Organisational influences
Another dramatic change with the new proposal would be the creation of the Slovak Agency for Development of Investments and Trade (SARIO), to make a more comprehensive entity to deal with foreign business. SARIO would absorb the duties of the SNAZIR foreign trade organisation, which now stands as Slovakia's main body dealing with foreign direct investment.
Presently, the responsibilities of SNAZIR concentrate on attracting and assisting foreign direct investment. Under SARIO, the responsibilities would expand to include that of export issues.
"We would be consolidating financial sources and concentrating on marketing activities and actively finding foreign partners for trade and for investment. We will co-ordinate all active marketing, such as fairs, missions, mailings and promotion in Europe, the USA and Canada," said Naďa Haberová, deputy secretary general of SNAZIR.
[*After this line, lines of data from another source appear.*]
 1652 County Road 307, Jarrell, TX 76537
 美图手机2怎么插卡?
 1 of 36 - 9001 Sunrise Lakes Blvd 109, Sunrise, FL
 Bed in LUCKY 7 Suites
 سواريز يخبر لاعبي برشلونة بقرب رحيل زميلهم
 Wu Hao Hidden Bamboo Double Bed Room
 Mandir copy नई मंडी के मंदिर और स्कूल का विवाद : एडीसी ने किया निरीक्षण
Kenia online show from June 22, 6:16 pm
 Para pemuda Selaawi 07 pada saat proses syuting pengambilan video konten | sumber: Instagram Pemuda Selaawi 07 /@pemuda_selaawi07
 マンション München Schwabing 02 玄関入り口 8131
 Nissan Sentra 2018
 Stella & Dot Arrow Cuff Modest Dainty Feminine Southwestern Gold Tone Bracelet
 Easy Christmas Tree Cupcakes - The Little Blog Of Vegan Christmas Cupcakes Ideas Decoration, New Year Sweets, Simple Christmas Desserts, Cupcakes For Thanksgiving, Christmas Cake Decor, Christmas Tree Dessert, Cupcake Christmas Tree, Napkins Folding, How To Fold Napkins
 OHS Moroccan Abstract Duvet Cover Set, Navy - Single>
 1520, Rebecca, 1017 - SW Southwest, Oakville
Other organisational implications of the new legislation law are wrapped around working in accord with the Organisation for Economic Co-operation and Development (OECD). The law's compliance to the rules set down by the OECD was integral to its development, Jursa said, although he downplayed Slovakia's co-operation with the organisation itself.
"The OECD has a specific declaration for investment dealing with incentives, where a member country may ask for consultation in the case that a specific incentive in the area of foreign investment may cause an inconvenience for [other] member countries. But, primarily, we are not obliged to go to the OECD to decide or discuss any policy measures," he said, adding that the OECD's role is mainly that of being an arbitrator that decides whether incentives would cause any particular problems for other member countries.
One part of the whole
Although all involved agree the new law is a step in the right direction, the general sentiment remained that this was only a part of improving the business environment in Slovakia, which would be the ultimate factor in furthering investment.
Blahová mentioned such determinants as social insurance contributions, taxation of employees, value added tax, the image of a country and political and economic stability as just a few of the factors that worked into the whole equation for investors. There are still overly-stringent conditions in other areas, she said, such as in deductions for assets.
Haberová agreed, stating that SARIO played a minor role in the grand scheme. "In order to significantly increase foreign investment into Slovakia, we need to adopt a new environment for the investors, new incentives. The institution of SARIO is only one part of the whole. We have to solve this problem with a complex strategy and creating this agency is only a small part of this."
Last month Austrian investors stressed that the stability of the business environment was paramount to attracting foreign investment - something that dented the hopes of the government that its much-vaunted tax incentives scheme was not the high priority for potential investors it had believed.
Jaroslav Ružička, president of the Austrian-Slovak Chamber of Commerce, told the Slovak Spectator at the time: "Many companies see the paradise of tax holidays and the like, but they forget that the tax holiday is only one of many factors in the whole business environment attracting foreign investors."